[Start of Attachment]

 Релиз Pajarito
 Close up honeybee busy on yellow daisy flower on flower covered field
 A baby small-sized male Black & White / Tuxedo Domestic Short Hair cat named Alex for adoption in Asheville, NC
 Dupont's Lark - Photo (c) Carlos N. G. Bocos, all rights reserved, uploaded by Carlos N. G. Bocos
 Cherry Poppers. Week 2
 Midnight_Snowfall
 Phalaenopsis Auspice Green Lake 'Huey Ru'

[End of Attachment]
[Start of Attachment]

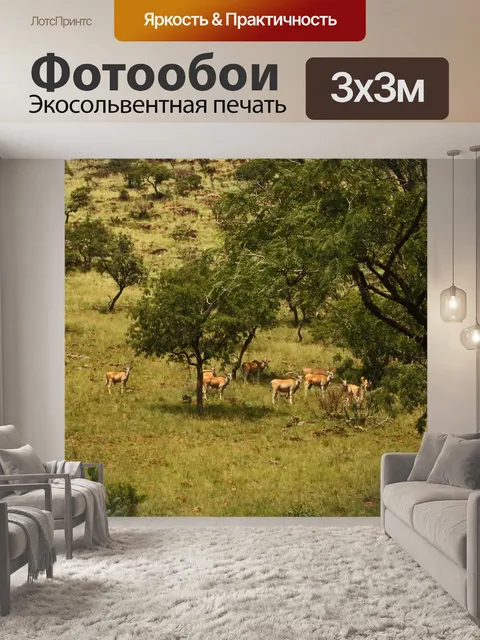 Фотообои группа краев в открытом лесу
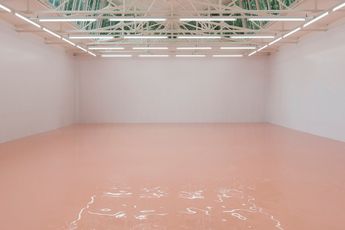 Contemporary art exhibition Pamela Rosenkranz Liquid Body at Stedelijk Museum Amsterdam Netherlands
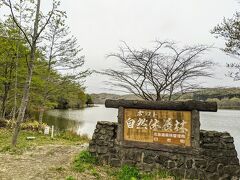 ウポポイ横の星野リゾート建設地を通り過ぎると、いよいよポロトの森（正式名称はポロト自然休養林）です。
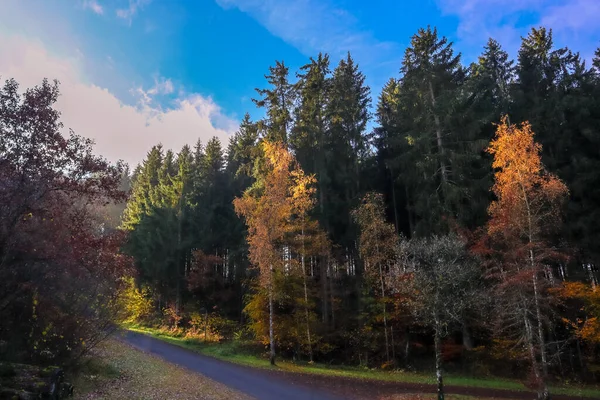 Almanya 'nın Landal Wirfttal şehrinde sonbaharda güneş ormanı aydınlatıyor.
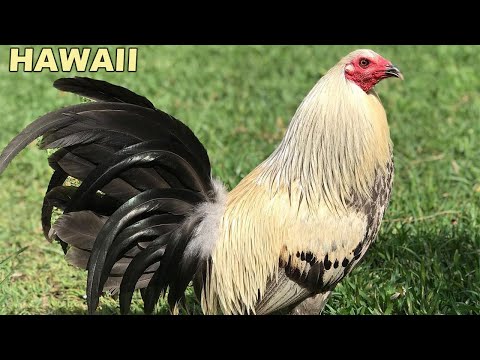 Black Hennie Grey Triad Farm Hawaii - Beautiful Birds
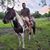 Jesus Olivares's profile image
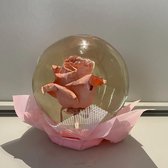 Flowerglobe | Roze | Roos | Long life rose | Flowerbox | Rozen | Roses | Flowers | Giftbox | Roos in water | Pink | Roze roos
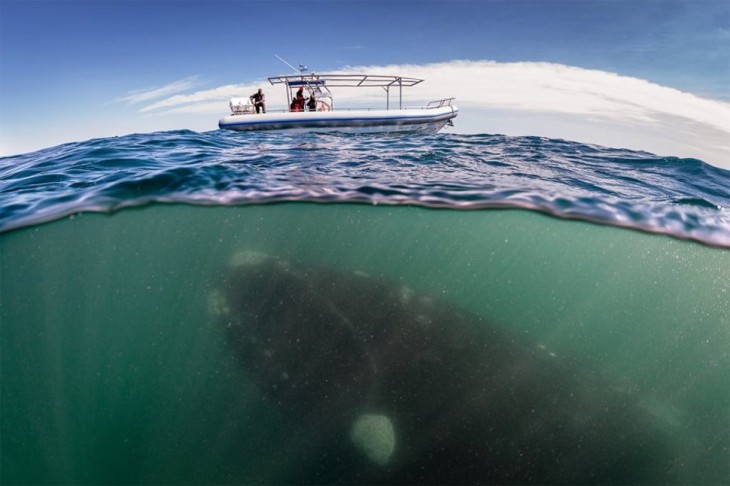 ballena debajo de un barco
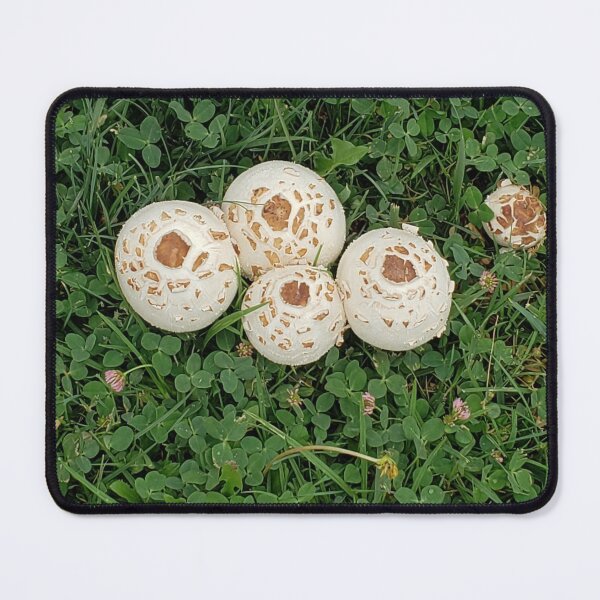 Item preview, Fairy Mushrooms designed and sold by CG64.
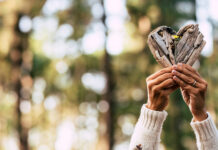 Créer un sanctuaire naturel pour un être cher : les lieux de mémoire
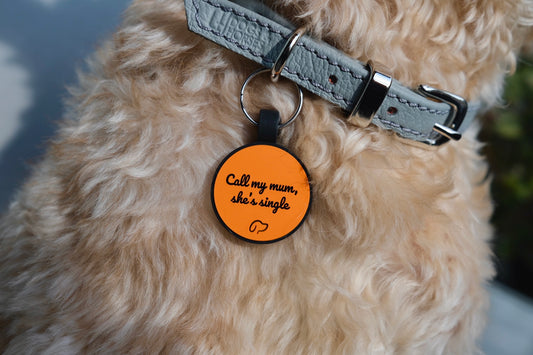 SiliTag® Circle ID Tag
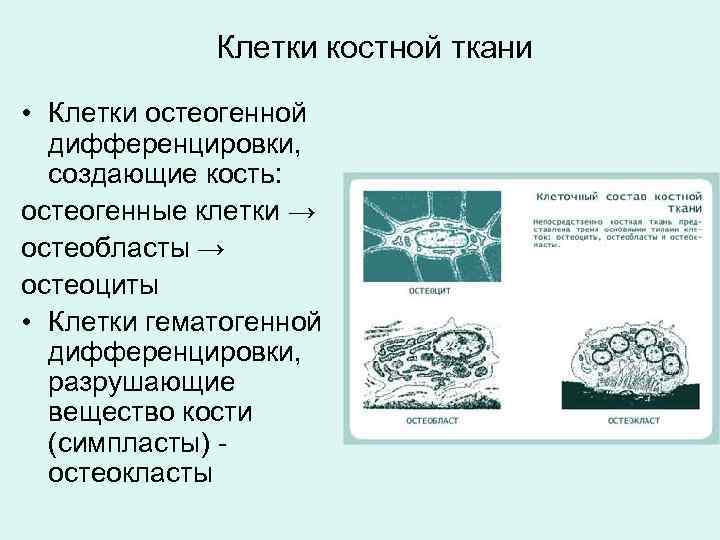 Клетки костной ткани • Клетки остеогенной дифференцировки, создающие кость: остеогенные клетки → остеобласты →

[End of Attachment]

Copy verbatim, from the listing above, each line from the one containing "Релиз Pajarito" down to the one containing "Phalaenopsis Auspice Green Lake 'Huey Ru'", inclusive.

 Релиз Pajarito
 Close up honeybee busy on yellow daisy flower on flower covered field
 A baby small-sized male Black & White / Tuxedo Domestic Short Hair cat named Alex for adoption in Asheville, NC
 Dupont's Lark - Photo (c) Carlos N. G. Bocos, all rights reserved, uploaded by Carlos N. G. Bocos
 Cherry Poppers. Week 2
 Midnight_Snowfall
 Phalaenopsis Auspice Green Lake 'Huey Ru'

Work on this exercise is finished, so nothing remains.